PROBLEM TO SOLVE>
Nothing outside the lines below from the one containing "Ein gemütliches Blockhaus-Interieur" through the one containing "Woman wearing Green" is to be printed; print those exactly, ends included, and drop the pictures.

INPUT MATERIAL>
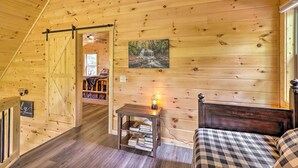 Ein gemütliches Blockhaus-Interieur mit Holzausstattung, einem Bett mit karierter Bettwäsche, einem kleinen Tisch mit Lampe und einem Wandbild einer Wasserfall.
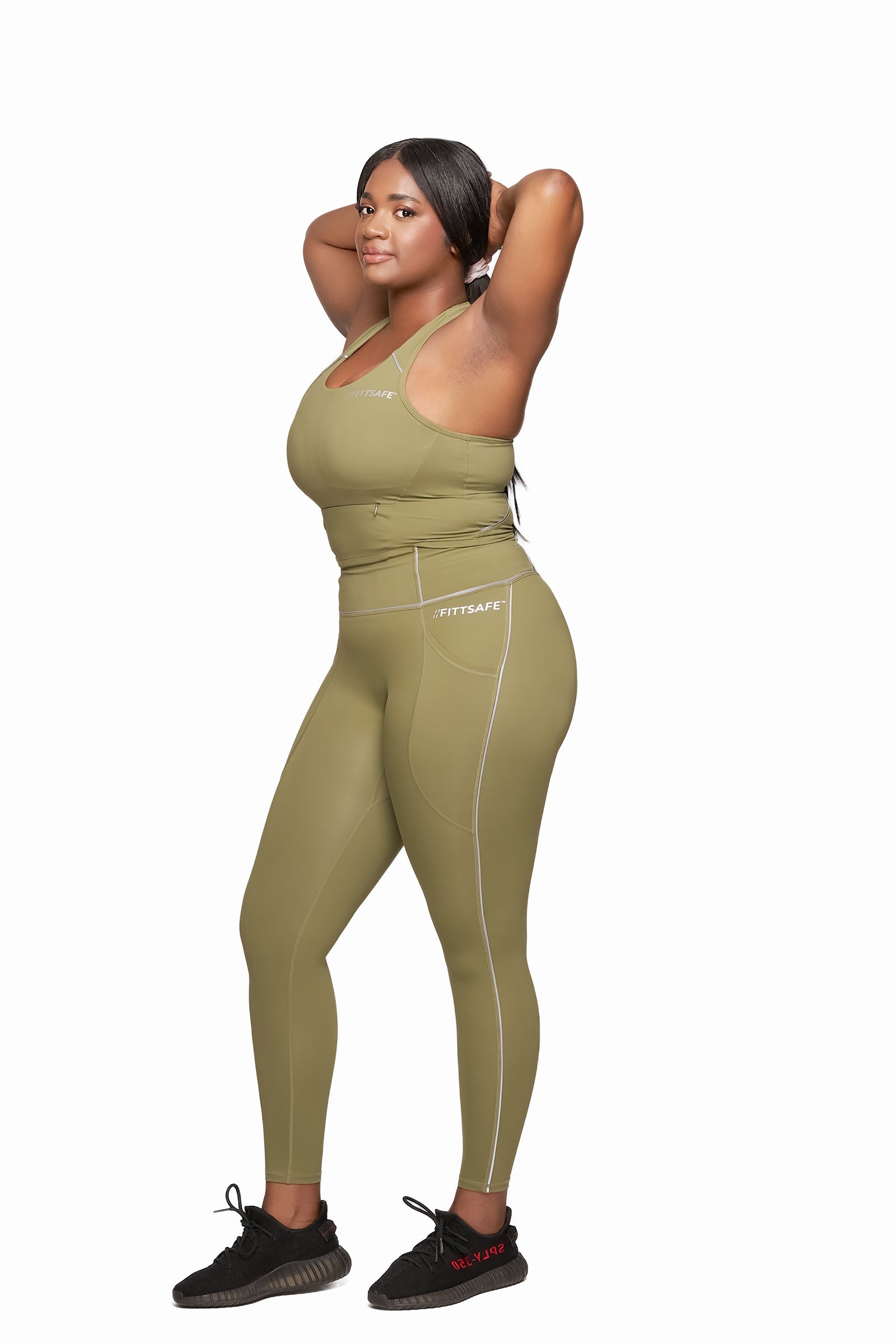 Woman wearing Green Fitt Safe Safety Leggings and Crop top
...
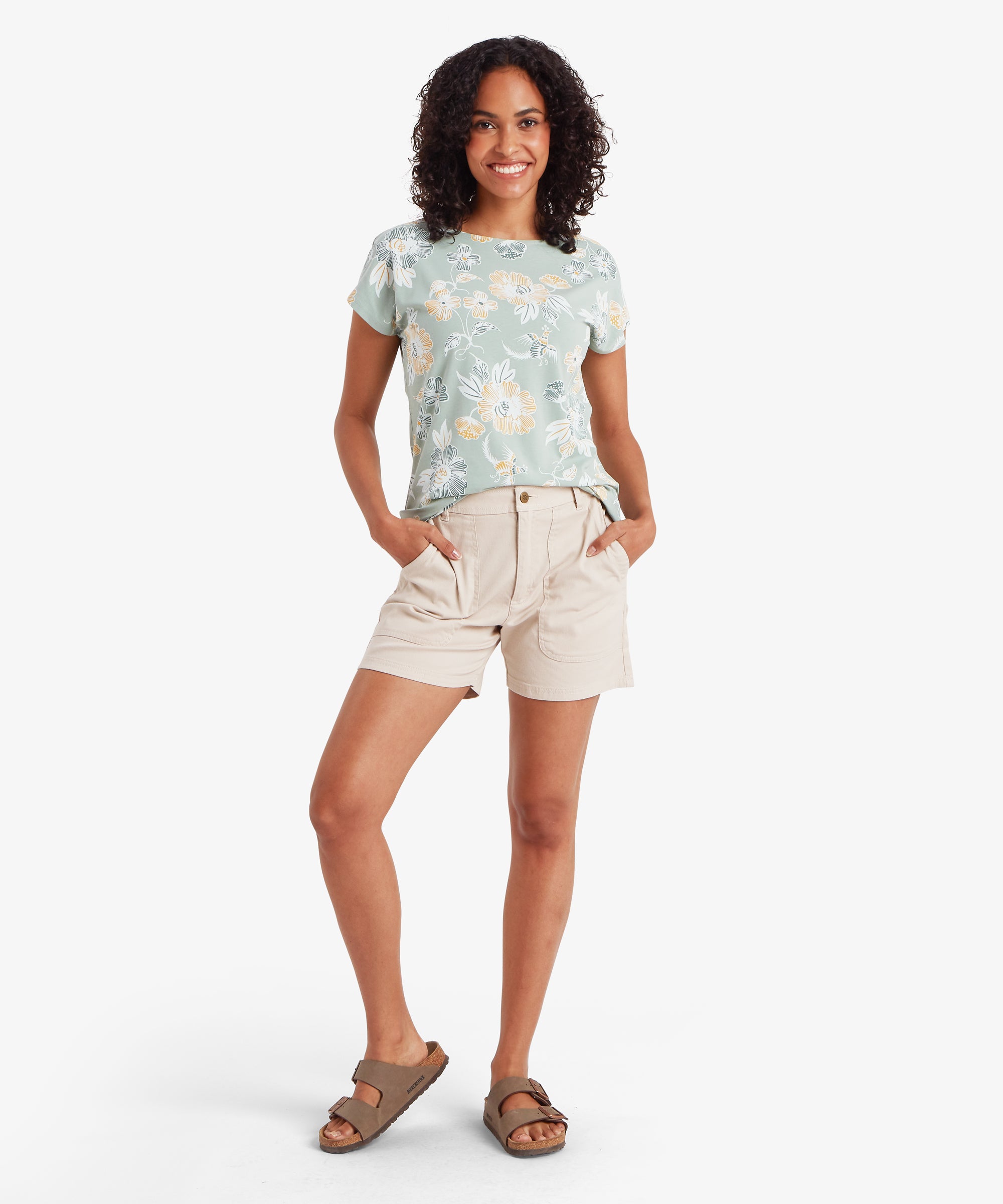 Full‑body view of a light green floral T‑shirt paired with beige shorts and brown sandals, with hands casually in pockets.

ANSWER TO THIS PROBLEM>
 Ein gemütliches Blockhaus-Interieur mit Holzausstattung, einem Bett mit karierter Bettwäsche, einem kleinen Tisch mit Lampe und einem Wandbild einer Wasserfall.
 Woman wearing Green Fitt Safe Safety Leggings and Crop top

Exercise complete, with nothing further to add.